- RECORDS TO USE:
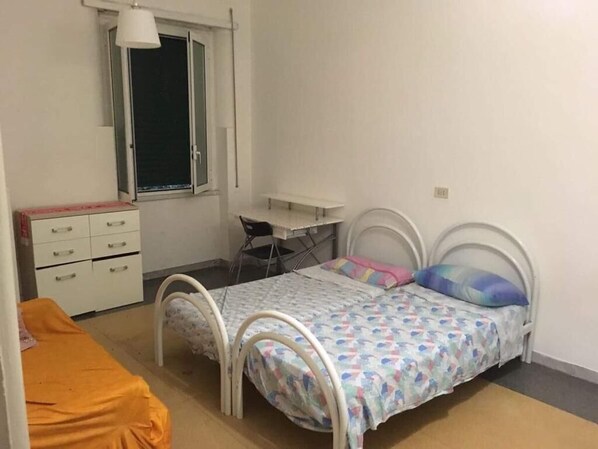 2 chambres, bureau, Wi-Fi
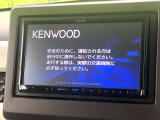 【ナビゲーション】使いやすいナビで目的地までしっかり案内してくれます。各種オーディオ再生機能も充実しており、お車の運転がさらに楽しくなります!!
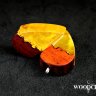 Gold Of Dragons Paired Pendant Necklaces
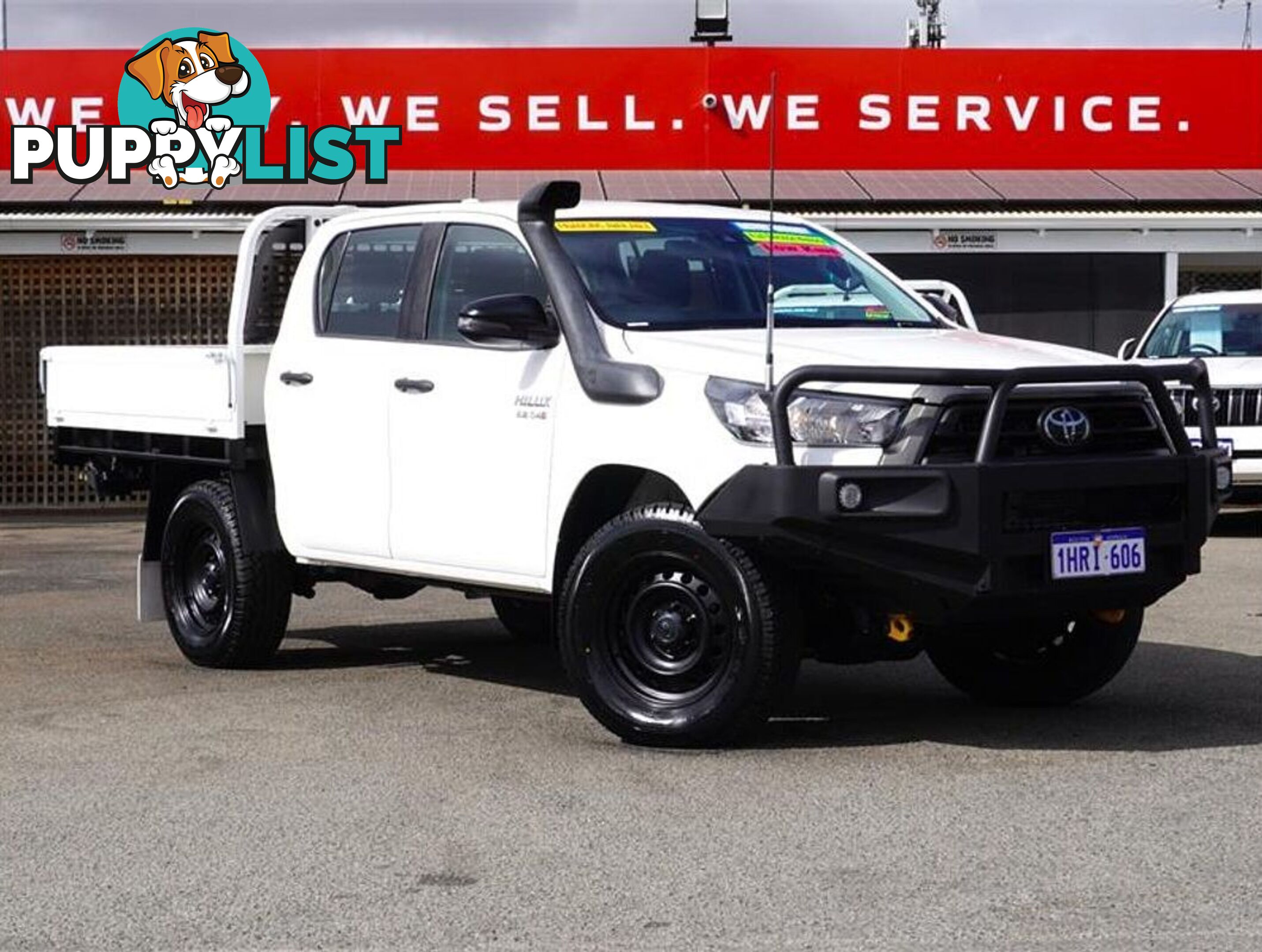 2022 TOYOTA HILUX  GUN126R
---
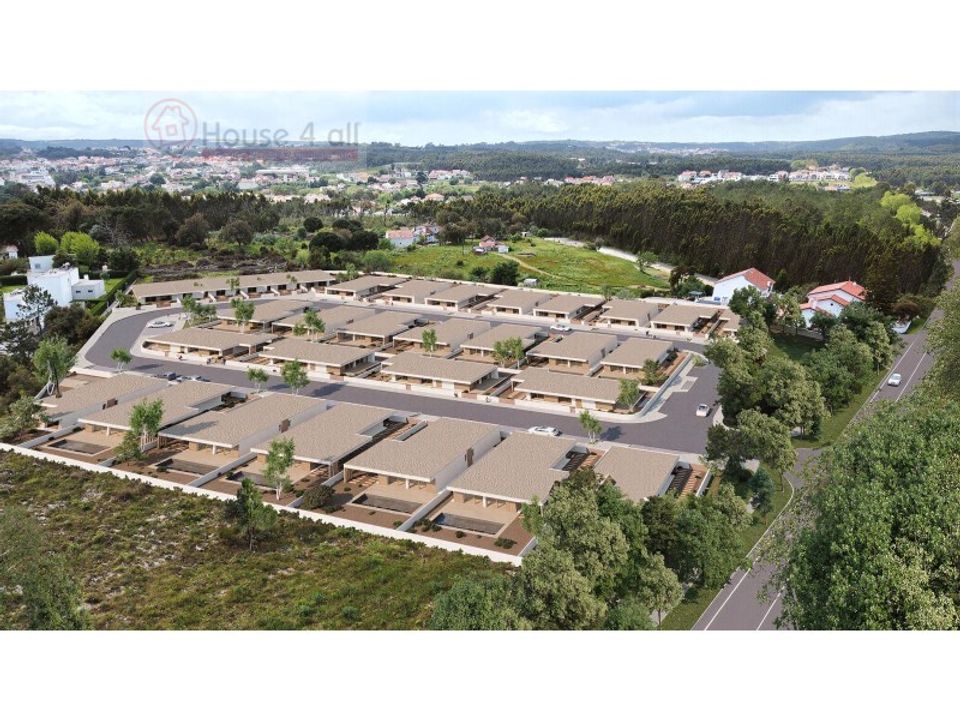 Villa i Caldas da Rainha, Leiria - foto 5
...
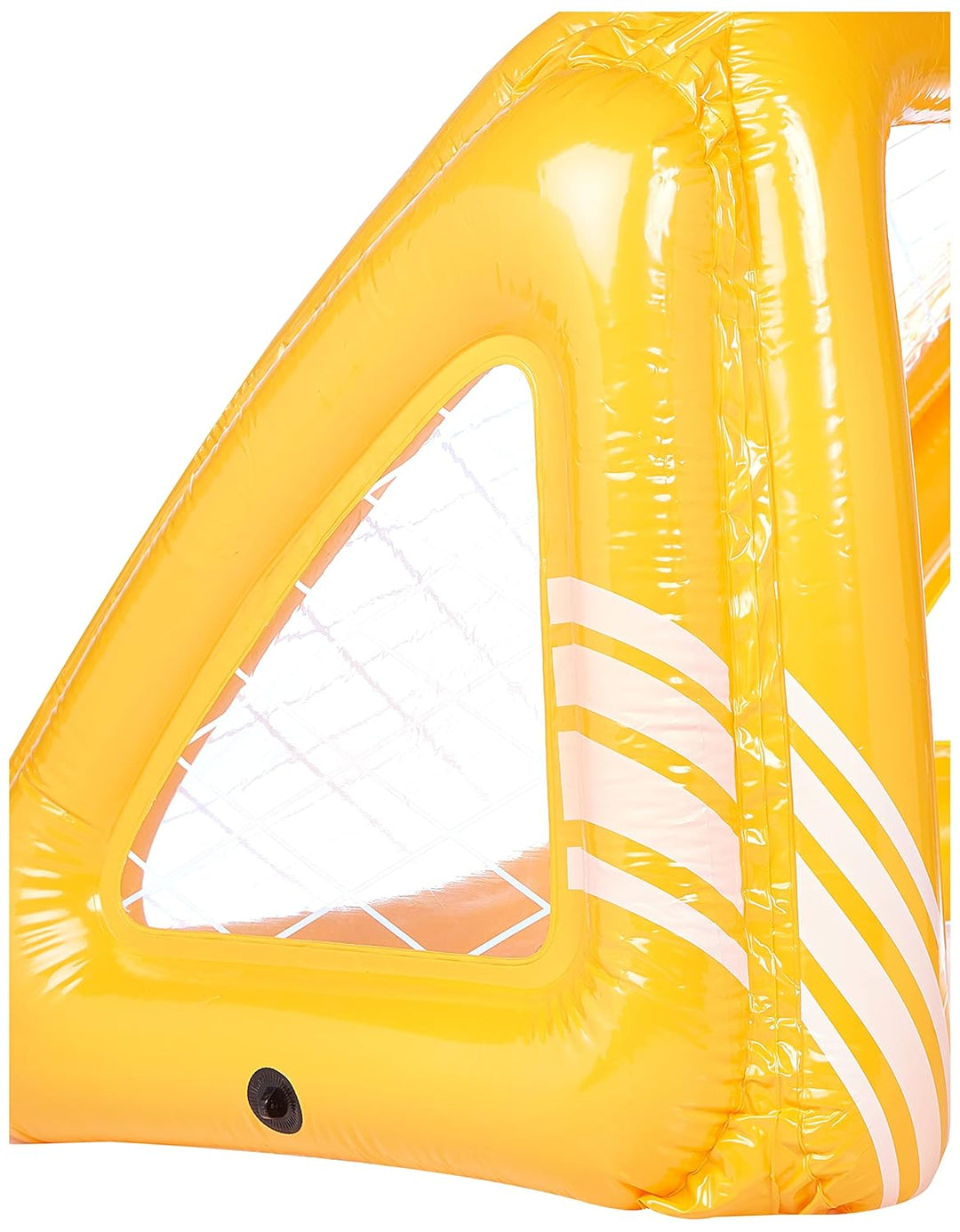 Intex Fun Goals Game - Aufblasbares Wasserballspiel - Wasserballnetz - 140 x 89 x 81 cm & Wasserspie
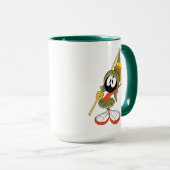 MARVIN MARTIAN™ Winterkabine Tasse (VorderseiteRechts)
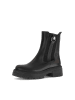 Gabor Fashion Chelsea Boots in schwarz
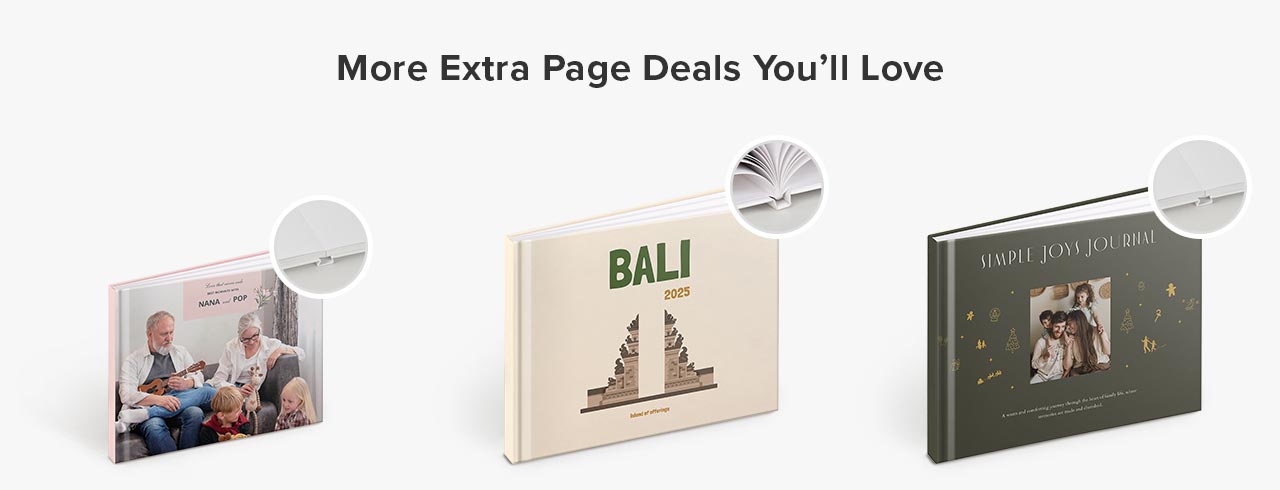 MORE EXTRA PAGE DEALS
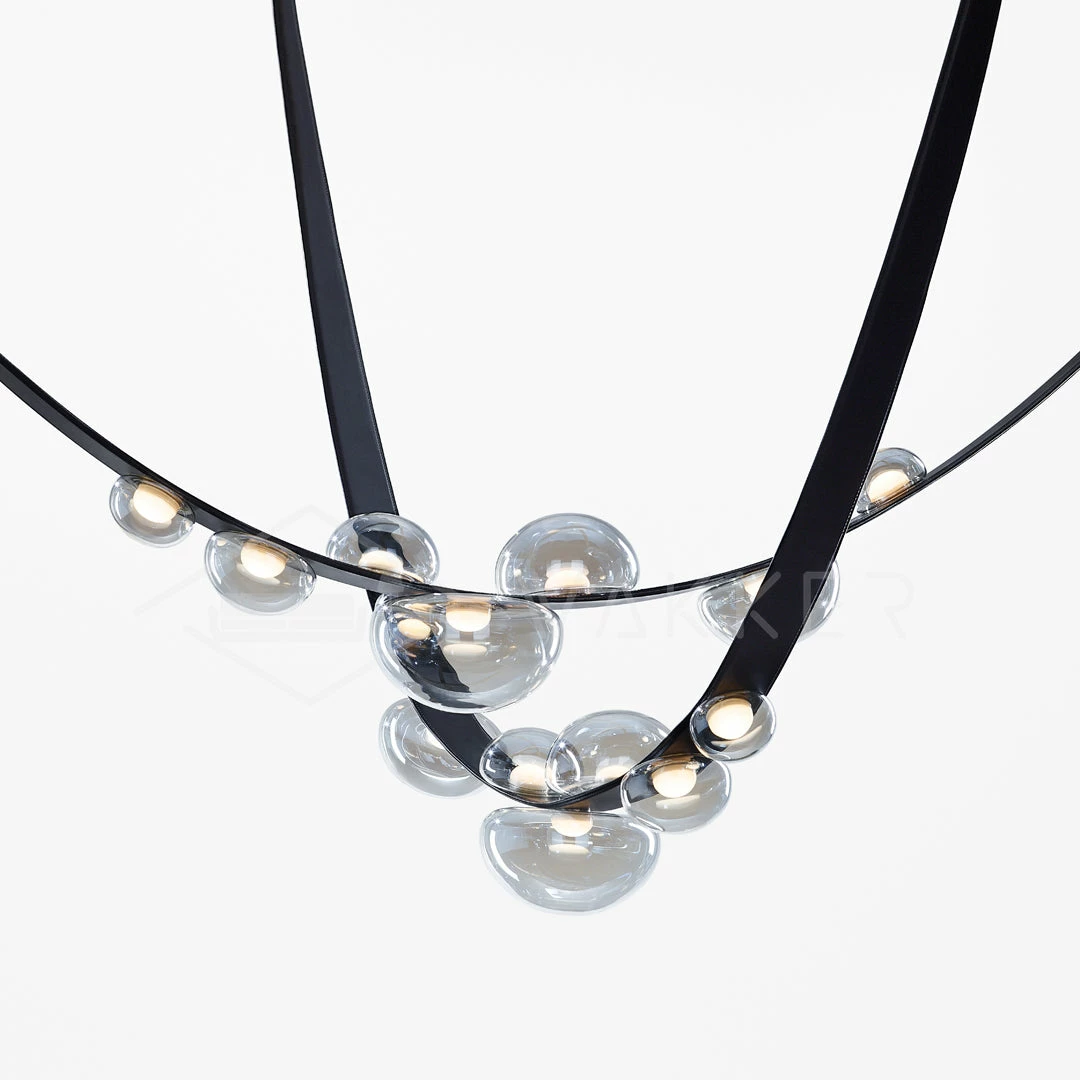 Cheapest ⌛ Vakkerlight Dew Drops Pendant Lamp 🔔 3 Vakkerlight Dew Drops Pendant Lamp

- YOUR TASK:
Above are some entries; copy exactly the lines from the line with "Gold Of Dragons Paired Pendant Necklaces" through the line with "2022 TOYOTA HILUX", both included, but none of the pictures.

- RESPONSE AREA:
 Gold Of Dragons Paired Pendant Necklaces
 2022 TOYOTA HILUX  GUN126R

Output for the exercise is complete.